“Table manners are one of the surest signs of whether someone was taught good manners as a child.” (Asserate in his book Manners). They say a lot about upbringing, family background, and social origins. Here I am referring to a middle-class upbringing that, at least in the past, was modeled after the nobility; it is this so-called “good upbringing” that has become accepted in society and has turned into a convention. Of course, there are still regional or situational variations.
Table manners are the best measure of a person’s behavior; they are used to “label” people. On the one hand, this is a bit old-fashioned, as it emphasizes formality—consideration in personal interactions is more important than the correct handling of knife and fork—but that’s just the way it is. Especially among the older generation.
Half-naked and slurping
Good table manners, however, are also a form of consideration. At least indoors, you should sit at the table with your upper body covered; the sight of bare, perhaps even sweaty skin isn’t always appetizing.
If someone hangs over their soup plate and slurps their soup, that looks anything but dynamic, not to mention the noise; you should remember that for your upcoming job interview with a meal afterwards.
The same applies when someone brings their fork to their mouth with their elbow resting on the table. It is a matter of aesthetics, and whether we like it or not, this is also largely part of general convention. It follows that good table manners make a person’s company pleasant. And they are career-enhancing; no one will hire someone for external contacts if they do not know how to behave properly during meals with business partners.
Elbows don't belong in your neighbor's ribs
Long story short: You’re doing everything right if you sit down at the table dressed (appropriately), sit up straight, keep your arms close to your body, and place both hands on the table—just past your wrists. Slumped figures with rounded backs hunched over their plates are a sad sight, and anything but dynamic.
Even when cutting into a tough schnitzel, you should keep your elbows close to your body and not ram them into your neighbor’s ribs. In the past, in strict households, this was taught by requiring one to balance a book on one’s head while eating (sit up straight!) and perhaps even (in addition?) to hold two thin books wedged between one’s arm and torso to prevent the elbows from drifting outward.
Those days are gone, as are the days when the head of the household would lift a son’s elbow off the table and slam it down with painful force. These old disciplinary measures, however, show just how important good table manners were considered to be.

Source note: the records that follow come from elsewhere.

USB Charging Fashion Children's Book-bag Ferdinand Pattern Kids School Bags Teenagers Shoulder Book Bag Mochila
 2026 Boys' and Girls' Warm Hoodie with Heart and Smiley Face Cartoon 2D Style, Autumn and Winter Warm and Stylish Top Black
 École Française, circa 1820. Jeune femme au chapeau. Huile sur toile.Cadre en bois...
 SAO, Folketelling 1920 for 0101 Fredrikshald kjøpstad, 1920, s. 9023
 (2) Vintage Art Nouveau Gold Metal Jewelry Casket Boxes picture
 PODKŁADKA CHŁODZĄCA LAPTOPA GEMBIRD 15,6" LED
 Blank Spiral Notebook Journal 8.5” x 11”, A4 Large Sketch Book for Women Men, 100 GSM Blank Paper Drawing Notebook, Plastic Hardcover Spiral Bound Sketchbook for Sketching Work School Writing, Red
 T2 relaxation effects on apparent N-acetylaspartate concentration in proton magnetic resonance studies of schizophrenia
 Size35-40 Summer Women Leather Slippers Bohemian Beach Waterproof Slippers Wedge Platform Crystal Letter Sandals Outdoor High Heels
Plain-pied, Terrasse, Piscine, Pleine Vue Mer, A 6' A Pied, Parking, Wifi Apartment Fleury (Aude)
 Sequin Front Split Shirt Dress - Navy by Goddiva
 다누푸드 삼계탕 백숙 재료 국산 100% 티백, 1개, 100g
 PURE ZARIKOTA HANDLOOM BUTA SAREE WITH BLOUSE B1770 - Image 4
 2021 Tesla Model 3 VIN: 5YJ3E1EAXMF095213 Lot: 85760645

What's that hand doing under the table?
And it’s a matter of transparency: as long as you’re seated at the table, your left hand should rest on it. If it disappears under the table, people wonder what you’re doing with it. At least here, but not in the U.S. There, it’s actually common practice (though that doesn’t answer the question). More on that when we discuss using the knife.
But we're already well-versed in all this, so let's turn our attention to the soup with appetite. Without slurping and without blowing too vigorously on the spoon to cool it down. Unlike the English, we put the tip of the soup spoon into our mouths. The British do it with the side of the spoon, but then again, their spoons are smaller and shaped differently for that purpose.
What to do with the last bit of soup?
It is frowned upon to lift the soup plate to get the last bit of soup onto your spoon—in my opinion, unjustly so, because even that can be done elegantly. For Countess Schönfeldt, whom I hold in high esteem and who is the author of the highly recommended book "Anstand", this is indeed “a sign of unbridled greed,” but in my opinion, there is no reason to send the soup plate back to the kitchen with sloshing residue at the bottom.
If soup is served in soup cups, you can drink the rest of the soup from the cup; that's what the handles are for. However, please refrain from doing the same with a soup plate.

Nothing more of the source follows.